Egged on by the likes of the Irish parliamentary firebrand Edmund Burke, the people of Britain damned the Revolution now, having watched it lurch into anarchy and war. When King Louis was beheaded for scheming against his fellow-countrymen, a nation that had lopped the head off King Charles Stuart in the previous century rose up in hypocritical disgust at such an act. Laws had been pas
sed to render anyone who spoke out for equality in King George’s dominions guilty of rebellion, and so cast as a criminal who must first be confined, then tried, and it was hoped by the more reactionary elements, executed. It was an irony too painful to contemplate that having left Paris under threat of incarceration, abandoning a father too sick to travel, John Pearce faced a similar threat in the country of his birth merely for being that man’s son.

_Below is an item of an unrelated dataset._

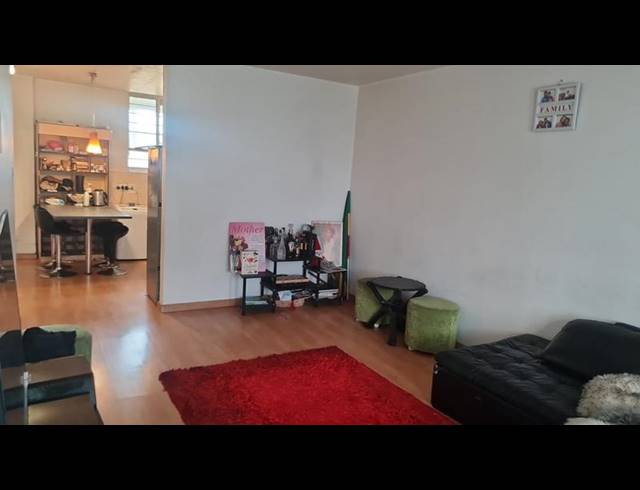 1 BEDROOM APARTMENT FOR SALE IN BEDFORD GARDENS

The feeling of irritation grew. Did his fellow drinkers care that, in the whole of the British Isles, the right of free assembly had been suspended, so that any group of more than four people gathered to talk could be deemed a combination inimical to the safety of the realm? He wondered if they even knew that William Pitt was their Prime Minister, for few here would be freeholders with the right to vote. They would know that Farmer George, tainted with madness, was their King, and that the enemy in the war just declared was France. But more than that, no; they were drunk on the illusion that they lived in a free country.
Sensing his neighbour, who had turned to grin at him, recoil, Pearce removed the glare of suspicious hatred that such thoughts had brought to his face. He looked away to fix on the substantial female figure in a low cut dress who now approached, oblivious to the salacious catcalls of those trying to goose or pinch her behind. When she bobbed before him, Pearce was presented with an alarming depth of cleavage, surrounded by what seemed like an acre of pink, mottled flesh, then a pair of dark brown eyes that seemed, for a brief second, to examine some interest.
‘What, sir, will you partake of?’
This was said in a lazy, drawling voice, one supposed to encourage the customer to spend money by holding out a promise of other delights. But the look did not match the seductive tone. This wench had hard eyes that had seen and endured too much to retain any amiability.
‘Rosie,’ cried the benighted one, leaning forward, leering down that cleavage. ‘Never mind this fellow. When are you goin’ to take care of me?’